The group, comprising of professionals and organisations, looked at the threat facing urban trees, while highlighting the benefits they bring to local communities.

It says that trees enrich the urban landscape by “improving health and well-being for people and the environment”.

It goes on to say that the report also highlights that urban trees mitigate temperature extremes, reduce pollution and increase real estate values.

“In terms of climate change,” the group suggests, “trees have been identified as being a key element of any urban climate change adaptation strategy.

“Trees are uniquely placed to be widely integrated into the urban fabric, providing a shading and cooling mechanism.

“Without this cooling mechanism, cities of the future – London in particular – are likely to be very inhospitable places.”

However, the group says that while there is awareness about the role trees can play in making cities habitable in the future, current design and planning systems make it very difficult to plan for the future.

“The services and infrastructure needed in cities to achieve high densities living generally militates against the presence of trees.

“Climate change will add to these pressures and create a landscape devoid of large trees unless practical steps are taken by a range of professional bodies working in partnership.”

It builds on the London Assembly Environment Committee’s 2007 report “Chainsaw Massacre“, which highlighted the loss of street trees in London. It found that more large tree species were being cut down rather than being replaced.

The Trees in Towns II report, commissioned by the Department for Communities and Local Government, echoed this findings for the rest of England.

Source: Trees and Design Action Group (TDAG)

Date: December 2008

Ranching ‘biggest driver of deforestation’ in Brazil


Cattle ranching is the biggest driver of deforestation in Brazil, says Greenpeace.

In evidence presented at the World Social Forum, hosted by Belem in the heart of the Amazon, the environmental group said it showed that cattle ranching was the biggest driver of Amazon deforestation.

Greenpeace Brazil has produced a series of maps which it said showed the links between cattle ranching and tree felling in the highest resolution to date.

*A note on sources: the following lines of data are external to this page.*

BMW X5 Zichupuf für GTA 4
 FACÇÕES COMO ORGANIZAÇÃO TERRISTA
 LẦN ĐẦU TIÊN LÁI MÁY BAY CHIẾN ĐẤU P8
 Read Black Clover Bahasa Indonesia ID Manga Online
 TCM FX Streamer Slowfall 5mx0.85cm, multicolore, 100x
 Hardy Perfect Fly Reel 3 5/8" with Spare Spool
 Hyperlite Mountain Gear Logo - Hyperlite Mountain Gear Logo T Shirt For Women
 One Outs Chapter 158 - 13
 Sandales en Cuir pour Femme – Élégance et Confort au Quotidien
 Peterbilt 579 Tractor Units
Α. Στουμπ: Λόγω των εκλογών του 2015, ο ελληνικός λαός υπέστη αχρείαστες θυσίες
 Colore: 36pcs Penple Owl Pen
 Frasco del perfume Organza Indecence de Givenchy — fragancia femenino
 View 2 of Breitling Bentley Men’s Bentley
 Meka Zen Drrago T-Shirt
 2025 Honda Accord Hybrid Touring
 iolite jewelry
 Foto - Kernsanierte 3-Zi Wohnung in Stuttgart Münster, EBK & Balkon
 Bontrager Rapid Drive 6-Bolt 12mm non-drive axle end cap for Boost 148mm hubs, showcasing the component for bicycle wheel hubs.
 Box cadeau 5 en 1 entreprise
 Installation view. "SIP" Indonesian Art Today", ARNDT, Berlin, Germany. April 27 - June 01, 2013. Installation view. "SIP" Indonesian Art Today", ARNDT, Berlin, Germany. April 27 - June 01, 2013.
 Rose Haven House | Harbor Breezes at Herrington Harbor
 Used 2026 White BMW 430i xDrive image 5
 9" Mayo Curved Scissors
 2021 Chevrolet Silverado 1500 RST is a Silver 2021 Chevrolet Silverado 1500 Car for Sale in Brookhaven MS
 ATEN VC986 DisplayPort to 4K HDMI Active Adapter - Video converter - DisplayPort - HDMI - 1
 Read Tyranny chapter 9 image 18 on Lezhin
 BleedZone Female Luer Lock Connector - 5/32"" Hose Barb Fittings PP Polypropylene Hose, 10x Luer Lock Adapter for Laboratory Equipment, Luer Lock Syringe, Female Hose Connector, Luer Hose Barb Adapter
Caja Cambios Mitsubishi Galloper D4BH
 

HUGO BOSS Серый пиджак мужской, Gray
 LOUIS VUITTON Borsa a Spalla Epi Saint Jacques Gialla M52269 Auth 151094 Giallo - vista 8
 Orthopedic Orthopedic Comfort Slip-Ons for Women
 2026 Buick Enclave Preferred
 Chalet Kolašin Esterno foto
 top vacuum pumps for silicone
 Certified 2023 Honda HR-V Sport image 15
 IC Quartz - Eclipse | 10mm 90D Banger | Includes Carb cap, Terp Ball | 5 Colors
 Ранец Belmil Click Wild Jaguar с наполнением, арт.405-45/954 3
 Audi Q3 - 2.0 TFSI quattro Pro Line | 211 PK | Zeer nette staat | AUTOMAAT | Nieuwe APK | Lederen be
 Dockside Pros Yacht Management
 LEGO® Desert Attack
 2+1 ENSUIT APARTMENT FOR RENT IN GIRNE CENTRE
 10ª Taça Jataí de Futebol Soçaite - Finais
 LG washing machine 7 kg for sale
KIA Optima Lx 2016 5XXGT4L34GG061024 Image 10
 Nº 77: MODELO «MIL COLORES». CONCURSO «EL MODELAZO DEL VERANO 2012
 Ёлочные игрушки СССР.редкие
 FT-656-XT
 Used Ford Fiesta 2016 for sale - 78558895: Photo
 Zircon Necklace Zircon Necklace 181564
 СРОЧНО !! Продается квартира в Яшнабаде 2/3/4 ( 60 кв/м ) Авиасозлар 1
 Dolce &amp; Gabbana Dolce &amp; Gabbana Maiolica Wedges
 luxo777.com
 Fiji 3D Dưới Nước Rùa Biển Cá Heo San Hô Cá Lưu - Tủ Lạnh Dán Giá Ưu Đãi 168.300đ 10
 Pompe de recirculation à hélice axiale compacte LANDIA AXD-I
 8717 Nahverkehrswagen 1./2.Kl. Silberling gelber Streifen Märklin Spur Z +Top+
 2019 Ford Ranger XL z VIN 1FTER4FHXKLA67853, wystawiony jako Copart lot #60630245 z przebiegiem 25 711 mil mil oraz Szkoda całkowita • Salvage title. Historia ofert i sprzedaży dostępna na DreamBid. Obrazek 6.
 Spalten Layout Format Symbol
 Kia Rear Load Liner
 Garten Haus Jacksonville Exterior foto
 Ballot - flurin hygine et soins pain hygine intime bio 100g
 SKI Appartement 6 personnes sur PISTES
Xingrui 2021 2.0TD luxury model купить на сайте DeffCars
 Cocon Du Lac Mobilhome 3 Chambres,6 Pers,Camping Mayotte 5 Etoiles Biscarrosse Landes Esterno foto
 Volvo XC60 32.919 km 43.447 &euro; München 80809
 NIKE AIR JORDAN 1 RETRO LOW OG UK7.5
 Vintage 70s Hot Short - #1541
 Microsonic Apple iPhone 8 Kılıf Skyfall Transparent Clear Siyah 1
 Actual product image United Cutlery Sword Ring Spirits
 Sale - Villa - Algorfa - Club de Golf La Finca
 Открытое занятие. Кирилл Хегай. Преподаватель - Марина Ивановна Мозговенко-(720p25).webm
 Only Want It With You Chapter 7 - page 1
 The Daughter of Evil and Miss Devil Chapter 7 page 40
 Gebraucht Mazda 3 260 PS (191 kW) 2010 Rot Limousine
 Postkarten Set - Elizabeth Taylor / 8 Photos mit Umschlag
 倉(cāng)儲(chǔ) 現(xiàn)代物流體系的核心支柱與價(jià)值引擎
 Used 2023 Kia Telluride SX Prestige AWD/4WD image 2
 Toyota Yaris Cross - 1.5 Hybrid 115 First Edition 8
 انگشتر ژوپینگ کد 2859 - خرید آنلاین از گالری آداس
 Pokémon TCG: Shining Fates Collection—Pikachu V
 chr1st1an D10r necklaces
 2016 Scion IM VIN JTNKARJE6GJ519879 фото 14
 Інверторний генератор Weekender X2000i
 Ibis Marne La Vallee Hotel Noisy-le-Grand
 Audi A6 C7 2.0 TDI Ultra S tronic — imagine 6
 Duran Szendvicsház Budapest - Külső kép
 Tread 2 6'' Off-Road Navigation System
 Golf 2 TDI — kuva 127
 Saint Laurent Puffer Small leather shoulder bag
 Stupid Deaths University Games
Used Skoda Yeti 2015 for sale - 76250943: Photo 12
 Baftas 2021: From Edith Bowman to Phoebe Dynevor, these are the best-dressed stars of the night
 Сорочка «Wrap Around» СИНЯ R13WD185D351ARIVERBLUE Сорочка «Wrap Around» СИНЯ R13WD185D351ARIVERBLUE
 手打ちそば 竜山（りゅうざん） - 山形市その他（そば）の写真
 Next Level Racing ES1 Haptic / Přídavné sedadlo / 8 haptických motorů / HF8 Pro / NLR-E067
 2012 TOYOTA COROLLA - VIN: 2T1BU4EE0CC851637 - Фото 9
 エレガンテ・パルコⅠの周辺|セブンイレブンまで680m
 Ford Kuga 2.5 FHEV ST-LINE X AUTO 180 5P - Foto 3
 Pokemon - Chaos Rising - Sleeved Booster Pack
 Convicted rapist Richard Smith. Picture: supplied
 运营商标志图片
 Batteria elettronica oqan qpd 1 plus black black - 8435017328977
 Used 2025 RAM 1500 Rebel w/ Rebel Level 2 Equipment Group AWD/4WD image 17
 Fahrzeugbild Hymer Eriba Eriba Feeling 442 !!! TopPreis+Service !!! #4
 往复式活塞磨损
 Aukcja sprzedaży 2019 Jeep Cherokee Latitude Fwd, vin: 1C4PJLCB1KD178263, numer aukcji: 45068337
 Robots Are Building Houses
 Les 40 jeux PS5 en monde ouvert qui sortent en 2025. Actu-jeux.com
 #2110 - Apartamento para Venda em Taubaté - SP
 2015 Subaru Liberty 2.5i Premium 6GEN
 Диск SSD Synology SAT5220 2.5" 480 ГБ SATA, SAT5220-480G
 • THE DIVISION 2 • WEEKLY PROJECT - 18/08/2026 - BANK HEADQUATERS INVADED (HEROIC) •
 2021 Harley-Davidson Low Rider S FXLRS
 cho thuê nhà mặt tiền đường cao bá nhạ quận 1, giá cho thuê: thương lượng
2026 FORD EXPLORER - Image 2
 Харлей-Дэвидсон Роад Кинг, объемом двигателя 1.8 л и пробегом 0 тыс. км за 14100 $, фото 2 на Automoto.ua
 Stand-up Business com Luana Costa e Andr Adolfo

The details have been released as part of the organisation’s Save the Planet – Now tour.

Greenpeace lists the South America nation as the world’s fourth biggest polluter, with 75% of its emissions stemming from deforestation.

The Brazilian government has pledged to tackle destruction of the Amazon as part of its climate commitments. However, green campaigners say plans to expand its cattle industry contradict these.

Internationally, tropical deforestation is responsible for a fifth of global greenhouse gas emissions, more than the global transport sector.